Elektrisch verstell- und beheizbare Außenspiegel, eine Einparkhilfe hinten und eine Klimaautomatik sind nur einige wenige Komfortmerkmale über die sich bereits der Hybrid in der Basis Trend freuen kann. Im IONIQ Elektro wird dieser vorbildliche Umfang außerdem um das Smart-Key-System und einen 7-Zoll-Bordcomputer ergänzt.

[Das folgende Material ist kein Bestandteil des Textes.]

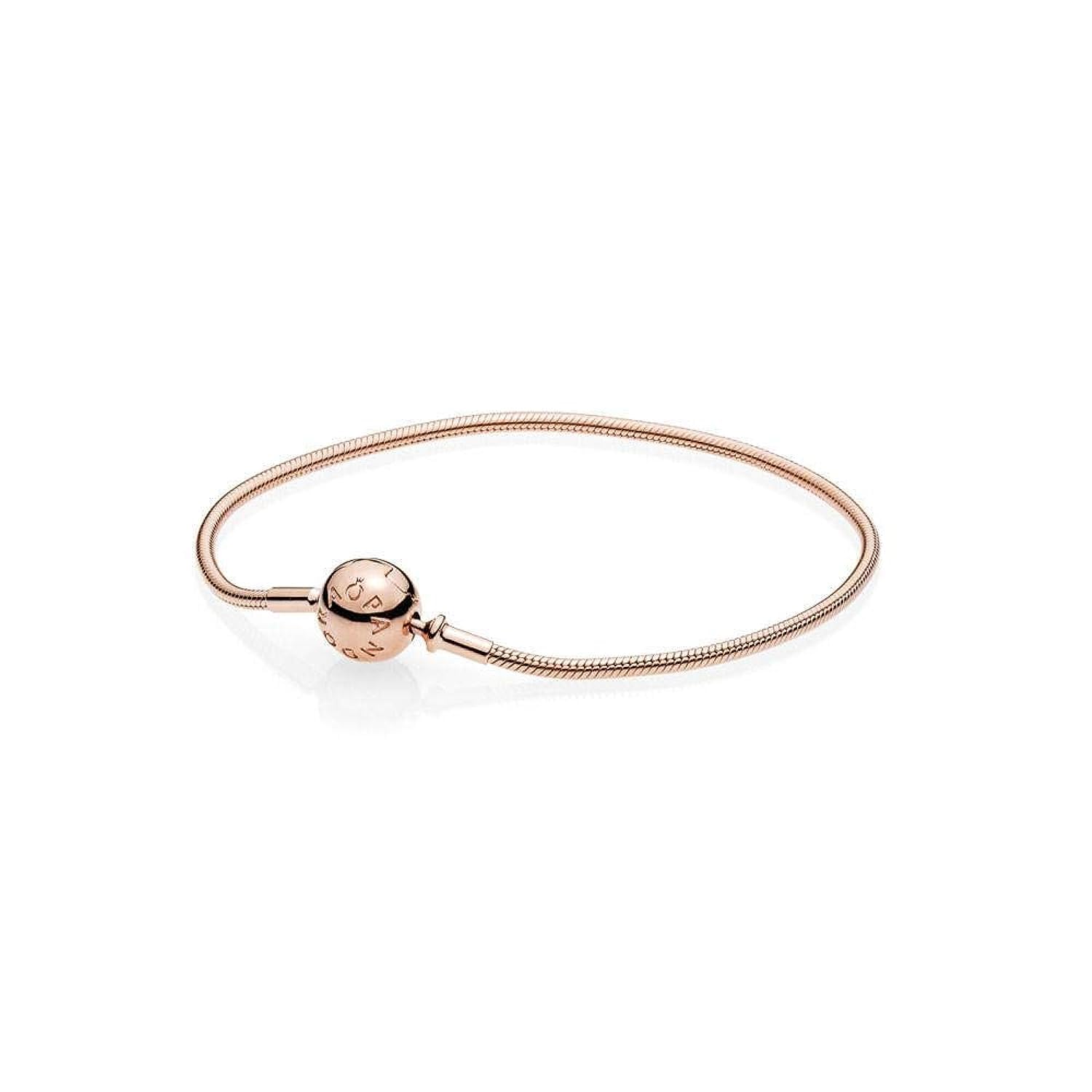 Pandora Essence 925 Sterling Silver Ball-Clasp Snake-Chain Bracelet - Rose Gold, Sterling Silver Stone.Rose Gold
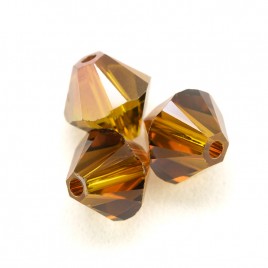 Swarovski 5328 Xilion Bead 6mm Olivine Copper Bicone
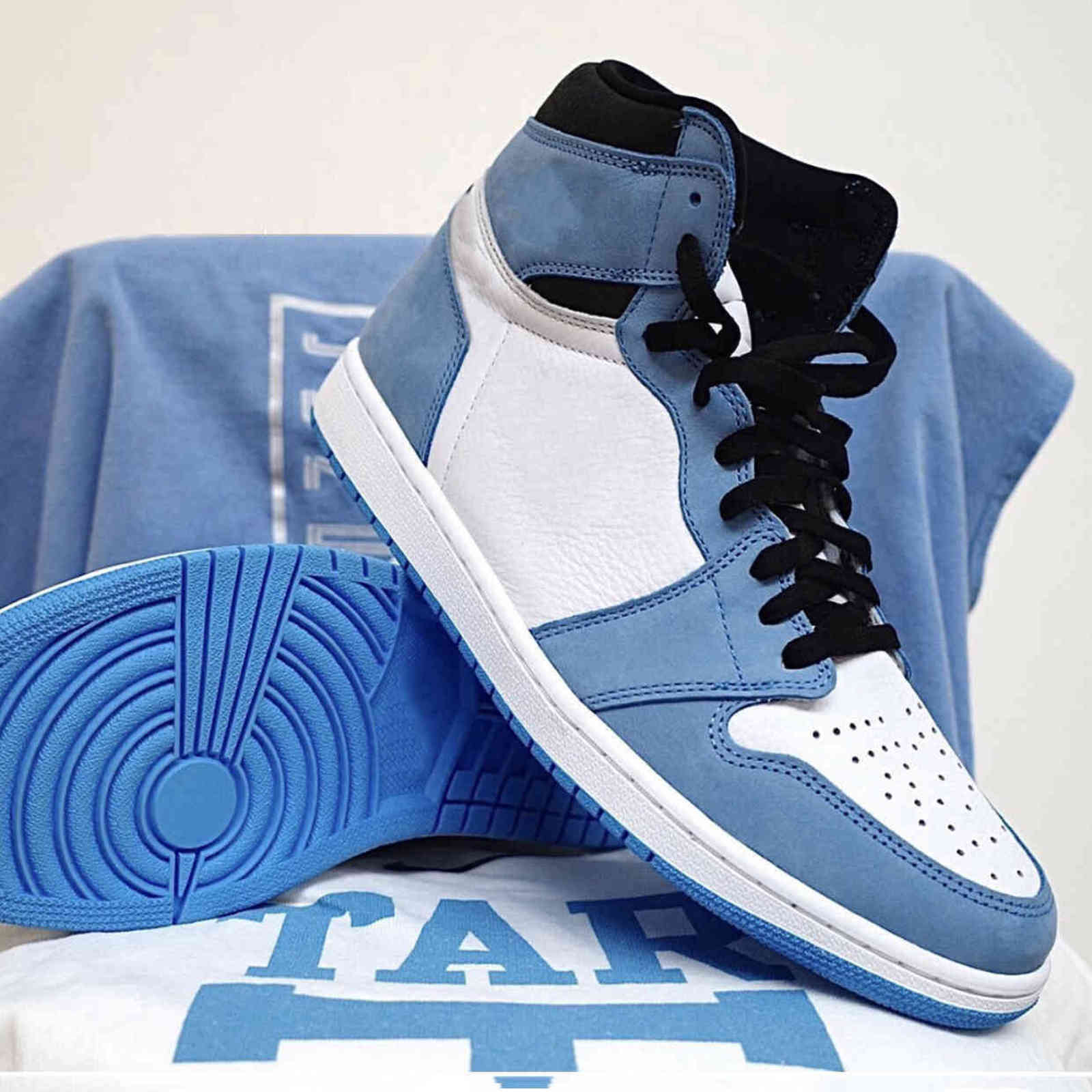 

with box 1 high og university blue mens basketball shoes womens unc leather white back 555088-134 1s men women trainers sports sneakers, Color#1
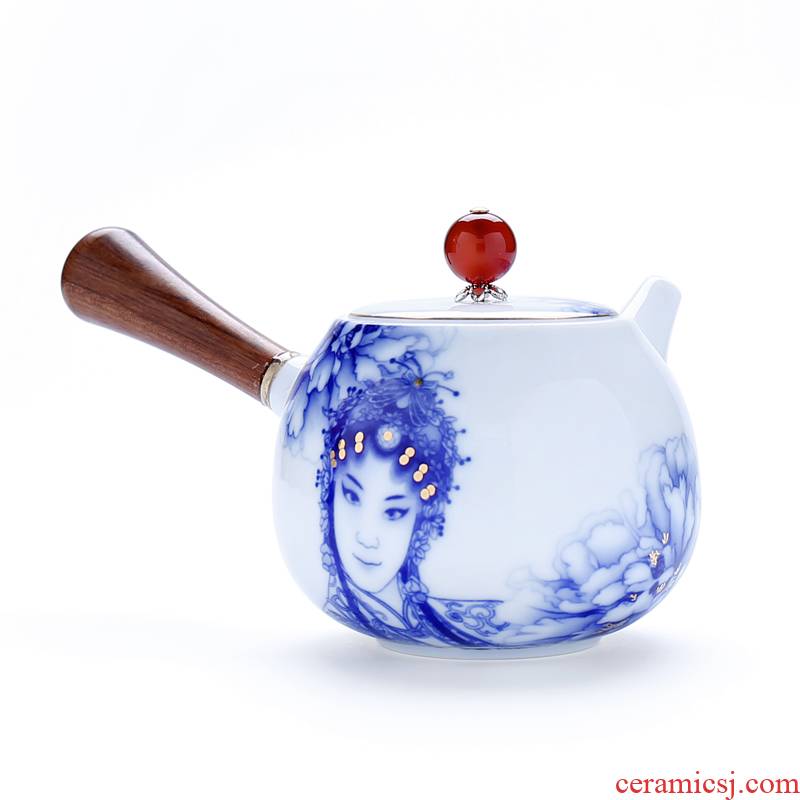 Xin arts kung fu tea set ceramic fuels the teapot hua limu lateral the Peking Opera of blue and white porcelain tea pot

Die nächst höhere Ausstattungslinie Style glänzt darüber hinaus mit einem Audio-Navigationssystem, einem Regensensor, einer Sitzheizung vorne oder aber einem beheizbaren Lenkrad und wird einzig von der Topvariante Premium übertroffen.

Hier ist das Gestühl in Leder gehüllt und lässt sich auch kühlen sowie die Rückbank beheizen. Eine Einparkhilfe vorn und 17-Zoll-Leichtmetallfelgen sind ebenfalls in der Preisliste aufgeführt.

Bei all den serienmäßigen Komfortmerkmalen gestaltet sich die Liste der Extras entsprechend kurz, neben einer Metallic- bzw. Mineraleffekt-Lackierung für 500,- Euro, finden wir so nur das elektrische Glas-Schiebedach für 650,- Euro (erhältlich in allen Versionen) oder aber für die Version Style die 17 Zoll Leichtmetallfelgen vor, die in der Variante Premium bereits von vorne herein aufgezogen sind.